> _Work instructions_
Could you repeat the records below exactly, leaving out any pictures?

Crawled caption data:
-------
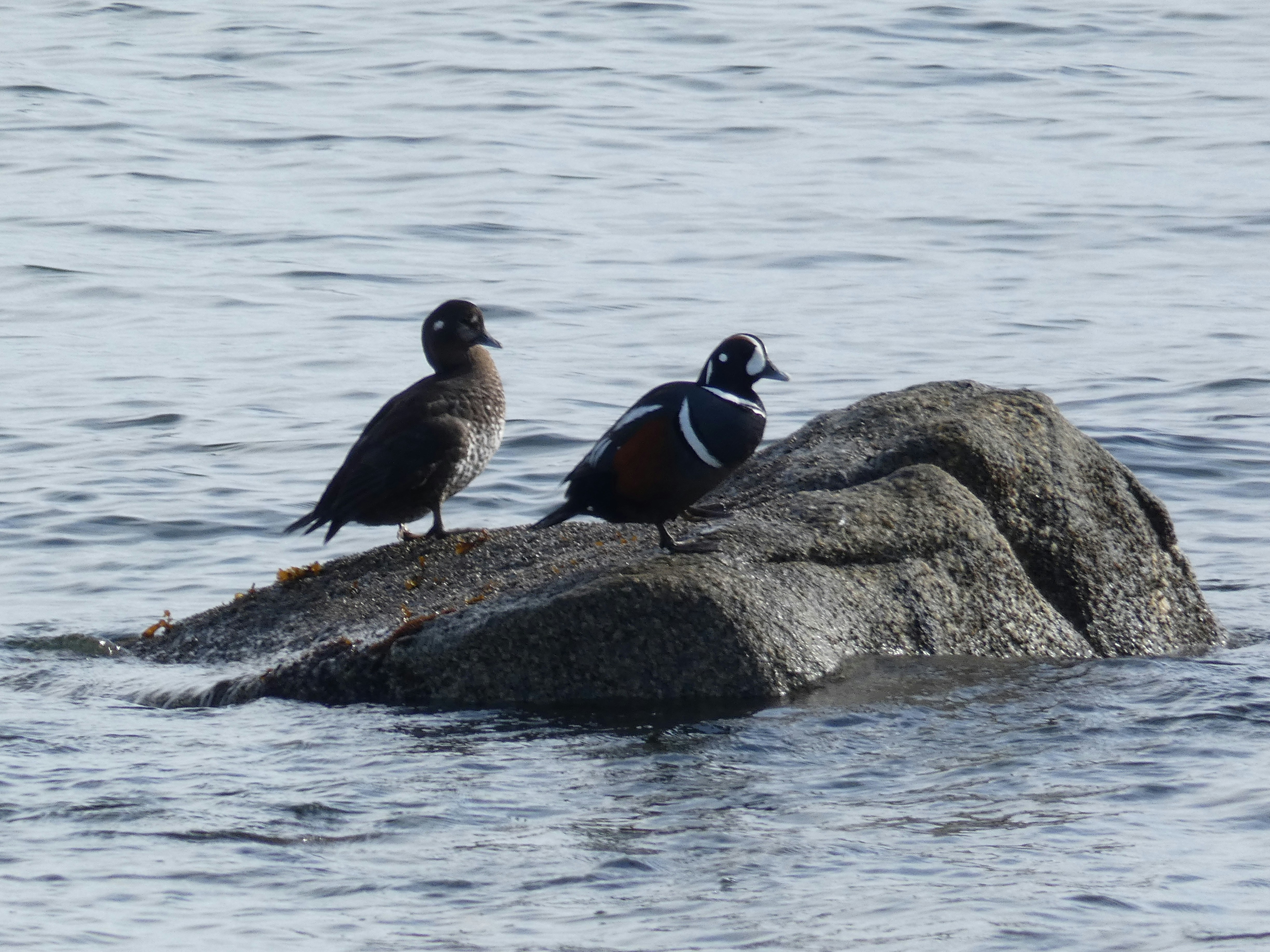 deux canards assis sur un rocher dans l’eau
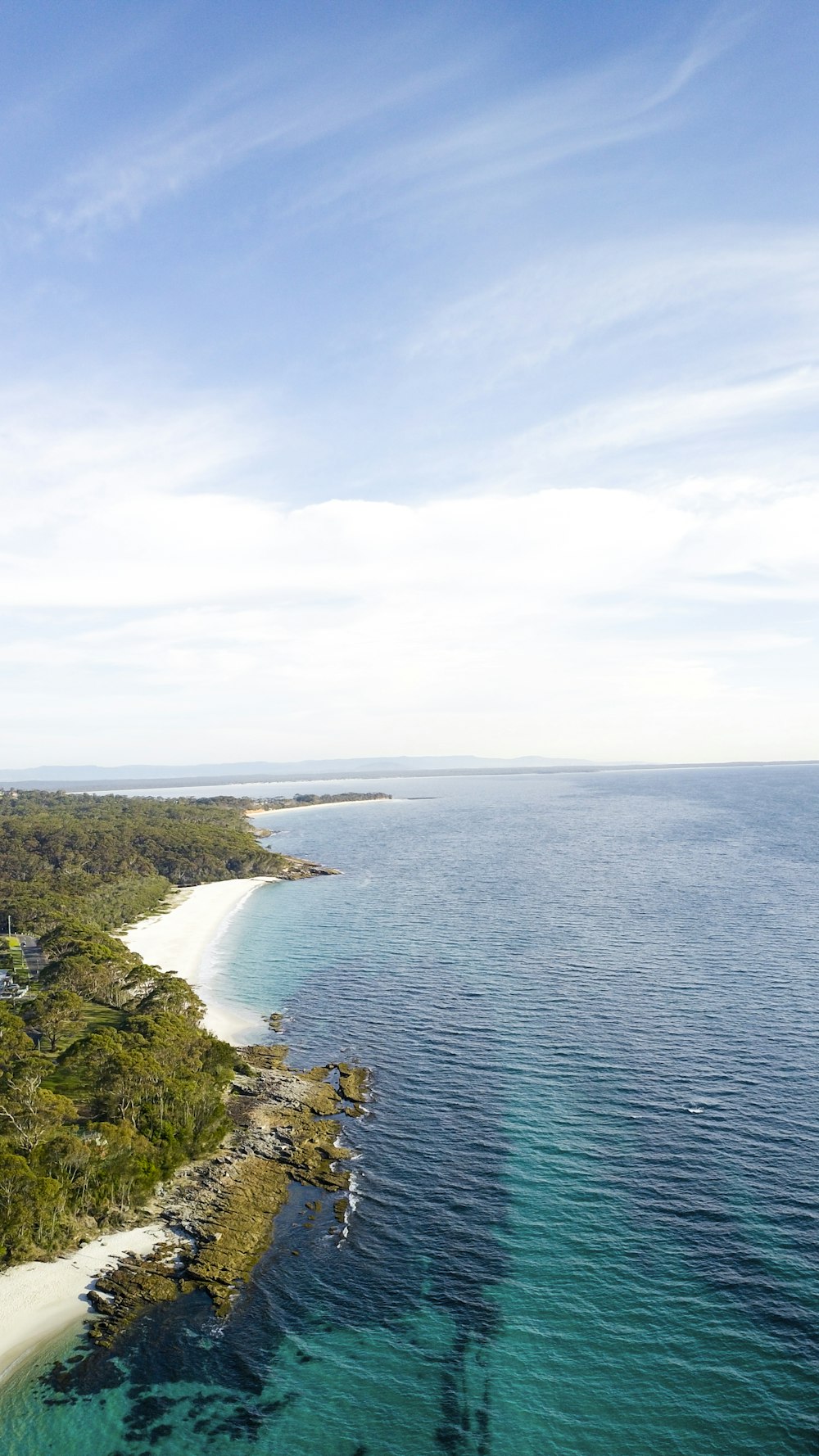 trees and ocean under blue sky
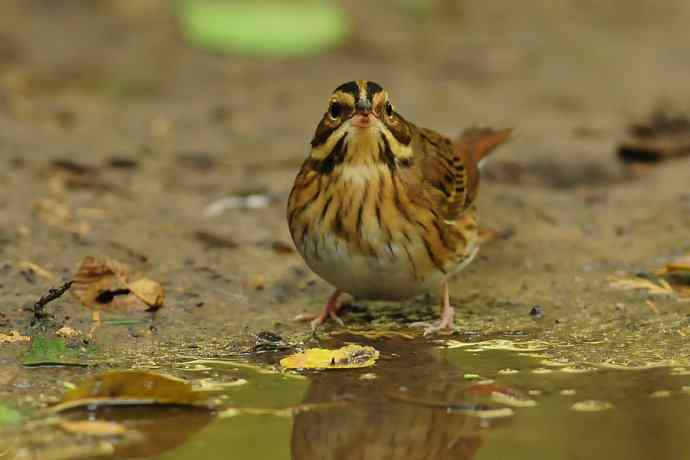 金汤沐浴.天坛白眉鹀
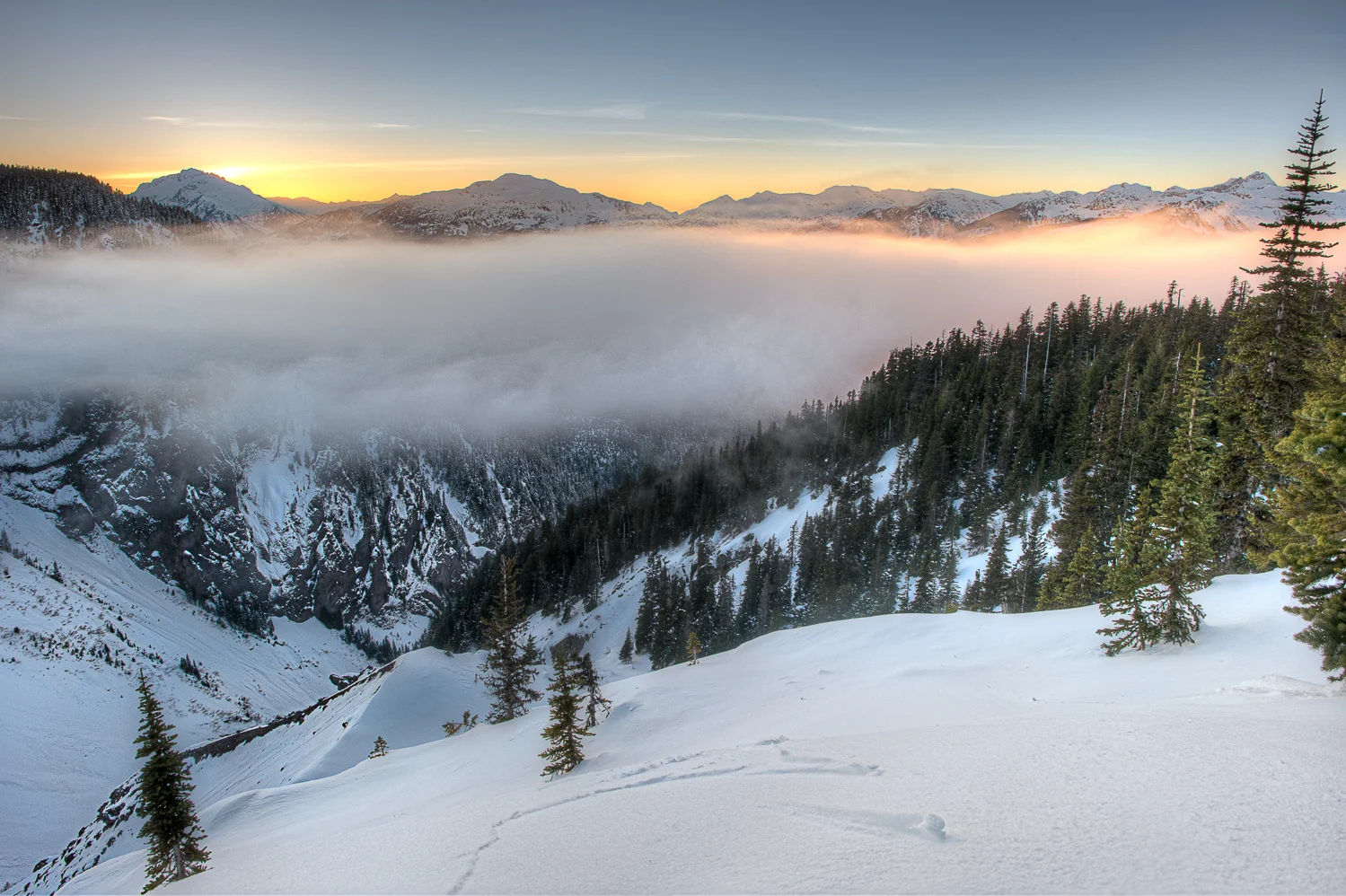 Nigel Fearon Photography | British Columbia-14.jpg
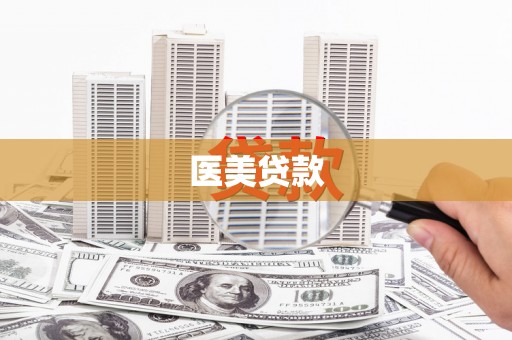 永清医美贷款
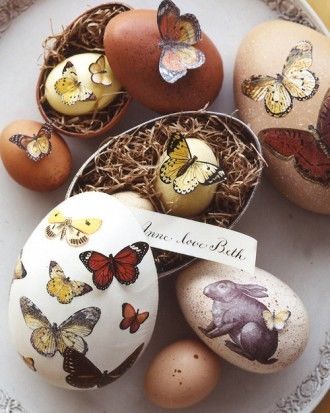Speckles butterfly egg boxes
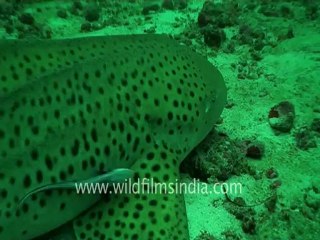 under water-leopard shark 3.mov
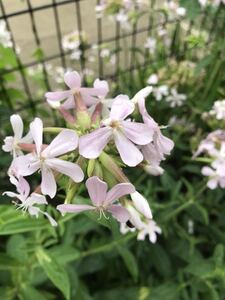 花の種☆ソープワート☆シャボンソウ☆②多量☆薄ピンクの花が丸くまとまって咲いて可愛い☆葉をもむと泡立ちます☆子供さんとのお遊びにも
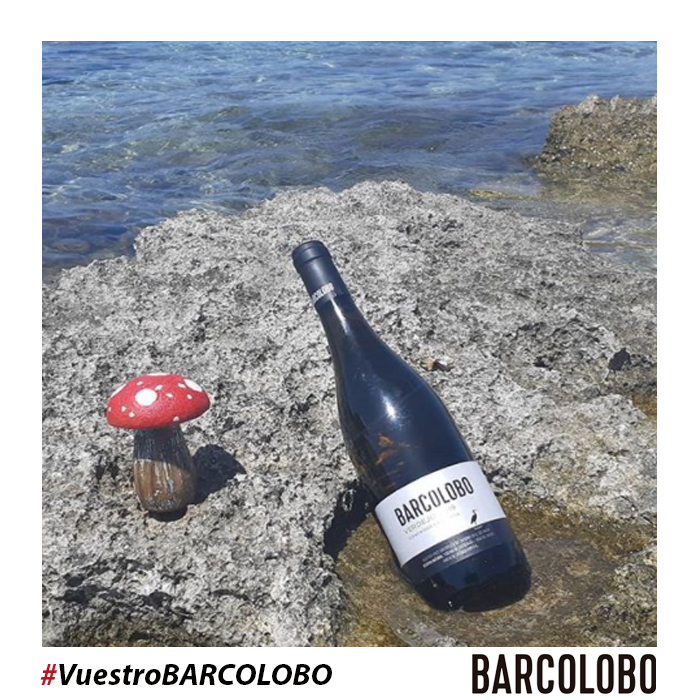 Así damos nosotros la bienvenida al otoño 😎

¡Gracias a todos nuestros seguidores por compartir con nosotros sus fotos de este verano con los vinos BARCOLOBO! 🍷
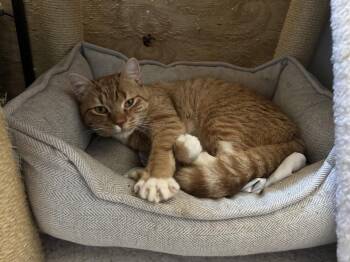 Copper -  Domestic Short Hair Cat Available for Adoption in North Brunswick Township, New Jersey - Copper | PetCurious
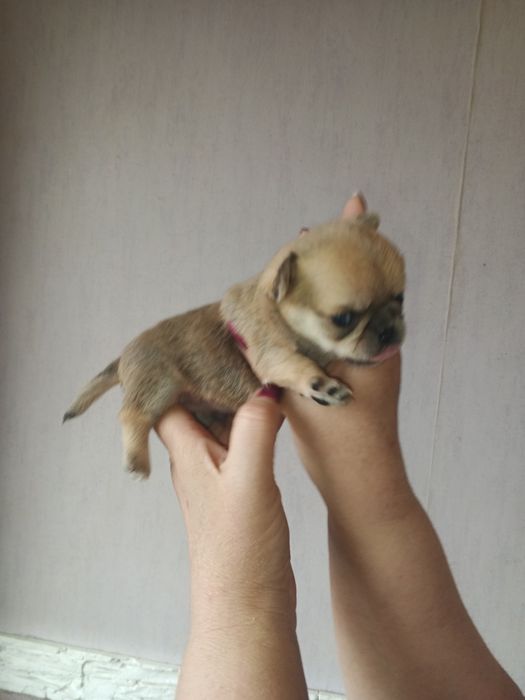 Мальчики и девочка чихуахуа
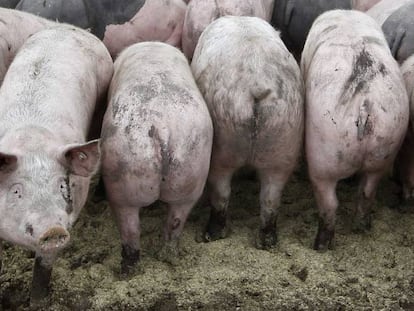 Varios cerdos criados en una granja ecol&oacute;gica de Germering (Alemania).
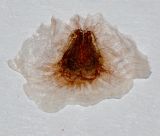 Jacaranda mimosifolia. Семя с крыловидным придатком. Израиль, Шарон, г. Герцлия, в культуре. 21.04.2012.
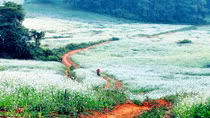 Tour du lịch các tỉnh phía Nam bắt đầu nóng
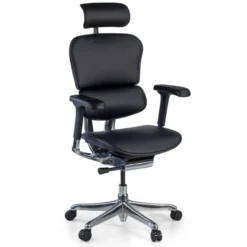 Sedia Ergonomica Ergohuman Elite, pelle naturale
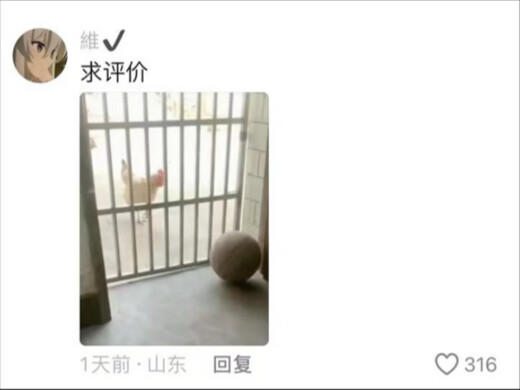 Sharp critiques of the摄影作品 in the comments section—you have no idea that chickens and basketballs ac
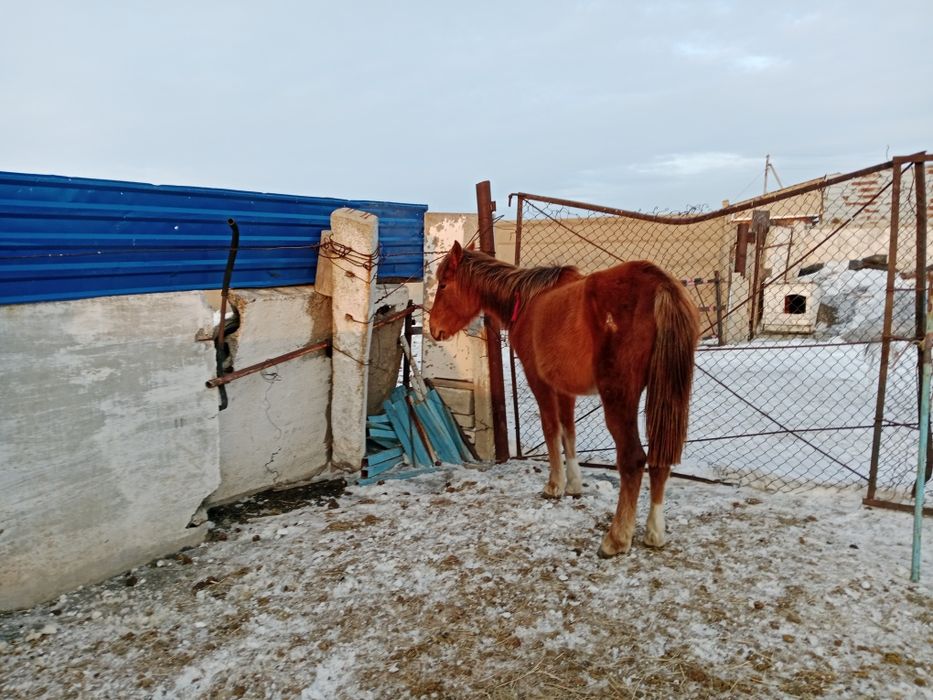 Продам 2 байтал кобылки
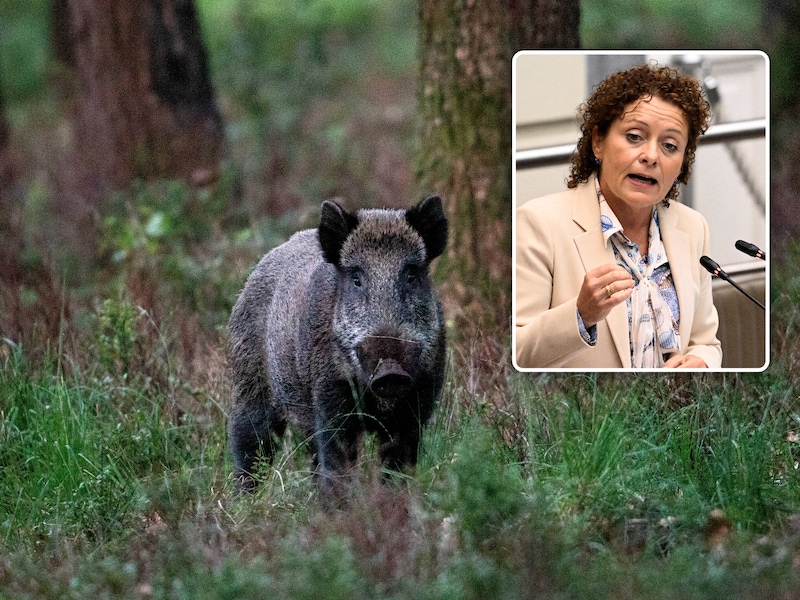 Everzwijnen richten ravage aan in tuinen, maar amper één slachtoffer kreeg al schadevergoeding: “Gedupeerden worden nauwelijks beschermd”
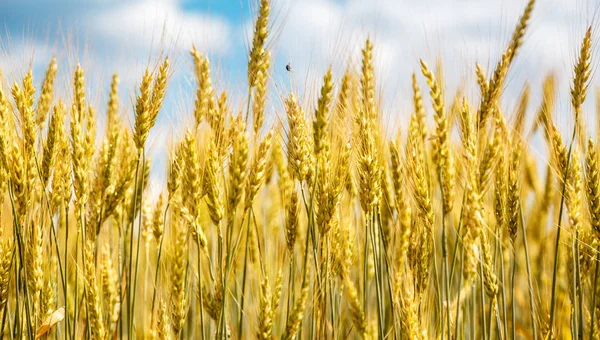 밀이 근접 촬영 보기 — 스톡 사진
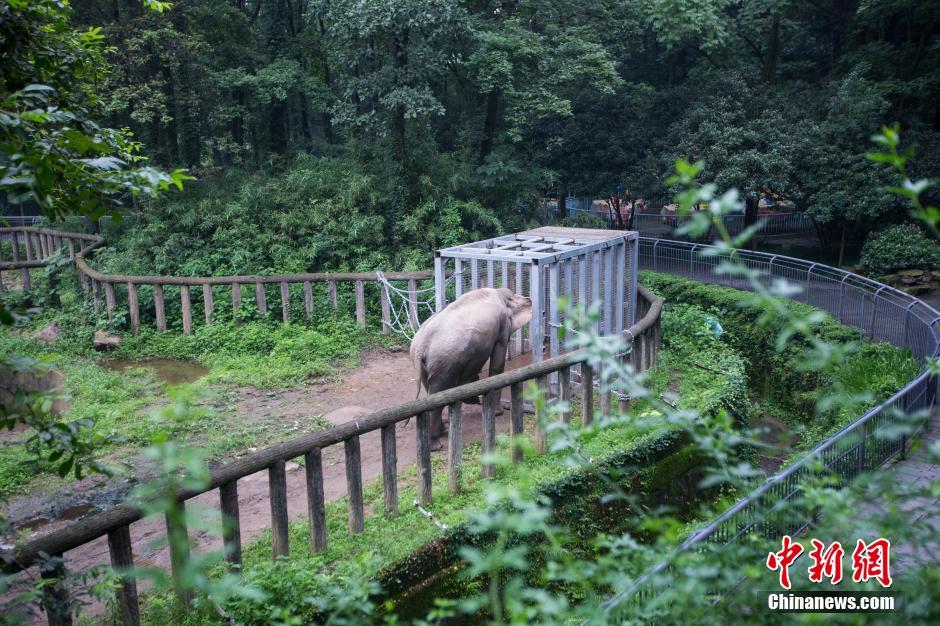 �����л����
-------
> _Exercise answer_
 deux canards assis sur un rocher dans l’eau
 trees and ocean under blue sky
 金汤沐浴.天坛白眉鹀
 Nigel Fearon Photography | British Columbia-14.jpg
 永清医美贷款
Speckles butterfly egg boxes
 under water-leopard shark 3.mov
 花の種☆ソープワート☆シャボンソウ☆②多量☆薄ピンクの花が丸くまとまって咲いて可愛い☆葉をもむと泡立ちます☆子供さんとのお遊びにも
 Así damos nosotros la bienvenida al otoño 😎

¡Gracias a todos nuestros seguidores por compartir con nosotros sus fotos de este verano con los vinos BARCOLOBO! 🍷
 Copper -  Domestic Short Hair Cat Available for Adoption in North Brunswick Township, New Jersey - Copper | PetCurious
 Мальчики и девочка чихуахуа
 Varios cerdos criados en una granja ecol&oacute;gica de Germering (Alemania).
 Jacaranda mimosifolia. Семя с крыловидным придатком. Израиль, Шарон, г. Герцлия, в культуре. 21.04.2012.
 Tour du lịch các tỉnh phía Nam bắt đầu nóng
 Sedia Ergonomica Ergohuman Elite, pelle naturale
 Sharp critiques of the摄影作品 in the comments section—you have no idea that chickens and basketballs ac
 Продам 2 байтал кобылки
 Everzwijnen richten ravage aan in tuinen, maar amper één slachtoffer kreeg al schadevergoeding: “Gedupeerden worden nauwelijks beschermd”
 밀이 근접 촬영 보기 — 스톡 사진
 �����л����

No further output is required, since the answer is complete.